---
title: "Goodness-of-fit tests and the bootstrap"
output: rmarkdown::html_vignette
vignette: >
  %\VignetteIndexEntry{Goodness-of-fit tests and the bootstrap}
  %\VignetteEngine{knitr::rmarkdown}
  %\VignetteEncoding{UTF-8}
---

```{r, include = FALSE}
knitr::opts_chunk$set(collapse = TRUE, comment = "#>")
```

```{r setup}
library(logcumulant)
data(reliability_datasets)
```

## The three nested statistics

For a candidate family fitted by maximum likelihood, the package computes a
Hotelling-type quadratic form in the discrepancy between the sample and fitted
log-cumulants. Three nested choices of cumulant orders give three statistics:

- \(T^2_{(2,3)}\): log-scale shape (dispersion, skewness);
- \(T^2_{(1,2,3)}\): adds the first log-cumulant (entropy/scale);
- \(T^2_{(1,\ldots,6)}\): adds higher-order cumulants for tail discrimination.

```{r}
x <- reliability_datasets$Yarn
T2_all(x, "Weibull")
```

## Why the bootstrap?

The discrepancy covariance \(\mathbf{K}_d\) is typically ill-conditioned: one
eigenvalue is much smaller than the others and is estimated with large relative
error. As a result the asymptotic chi-squared reference **over-rejects**, and the
distortion does not vanish as the sample grows.
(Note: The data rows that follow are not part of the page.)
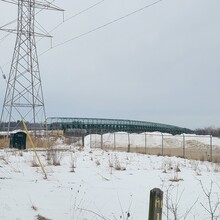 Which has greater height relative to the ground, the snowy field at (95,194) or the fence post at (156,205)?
the fence post at (156,205)

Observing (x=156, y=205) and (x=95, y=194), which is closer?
(x=156, y=205)

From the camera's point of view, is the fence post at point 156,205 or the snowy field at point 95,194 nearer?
the fence post at point 156,205

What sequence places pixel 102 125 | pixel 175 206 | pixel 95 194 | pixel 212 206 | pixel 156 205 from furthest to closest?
pixel 102 125 → pixel 95 194 → pixel 212 206 → pixel 175 206 → pixel 156 205

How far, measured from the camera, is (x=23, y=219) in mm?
6680

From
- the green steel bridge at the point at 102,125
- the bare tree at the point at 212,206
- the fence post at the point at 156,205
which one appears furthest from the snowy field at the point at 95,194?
the green steel bridge at the point at 102,125

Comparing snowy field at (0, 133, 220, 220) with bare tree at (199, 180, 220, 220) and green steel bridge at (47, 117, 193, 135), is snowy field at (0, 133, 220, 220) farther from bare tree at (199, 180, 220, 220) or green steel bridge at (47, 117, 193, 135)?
green steel bridge at (47, 117, 193, 135)

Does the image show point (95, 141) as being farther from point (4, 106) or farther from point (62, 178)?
point (62, 178)

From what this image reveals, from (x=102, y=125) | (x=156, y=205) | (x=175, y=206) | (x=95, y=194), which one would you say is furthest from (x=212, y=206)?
(x=102, y=125)

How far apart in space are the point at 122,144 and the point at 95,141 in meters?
6.37

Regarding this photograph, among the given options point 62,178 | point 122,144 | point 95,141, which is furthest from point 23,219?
point 122,144

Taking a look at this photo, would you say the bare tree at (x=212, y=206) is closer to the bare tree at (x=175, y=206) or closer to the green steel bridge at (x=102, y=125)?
the bare tree at (x=175, y=206)

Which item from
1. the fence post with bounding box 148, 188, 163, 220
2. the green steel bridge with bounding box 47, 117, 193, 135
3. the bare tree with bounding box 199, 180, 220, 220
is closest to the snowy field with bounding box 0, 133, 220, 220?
the bare tree with bounding box 199, 180, 220, 220

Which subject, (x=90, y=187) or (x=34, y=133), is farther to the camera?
(x=34, y=133)

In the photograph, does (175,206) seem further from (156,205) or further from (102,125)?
(102,125)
The parametric bootstrap
reproduces the ill-conditioning in each replicate, so it cancels in the
bootstrap p-value.

```{r}
T2_bootstrap(x, "Weibull", B = 299, seed = 1)
```

In practice, prefer the bootstrap p-values for all sample sizes.

## Full model comparison

`gof_compare_all()` runs the three \(T^2\) tests, the Anderson--Darling and
Cramer--von Mises tests, and the AIC across all six families:

```{r}
gof_compare_all(x, use_bootstrap = TRUE, B = 199, seed = 1)
```

The \(T^2\) tests and the EDF tests are **complementary**: the former are most
sensitive to subtle log-shape departures, the latter to tail departures.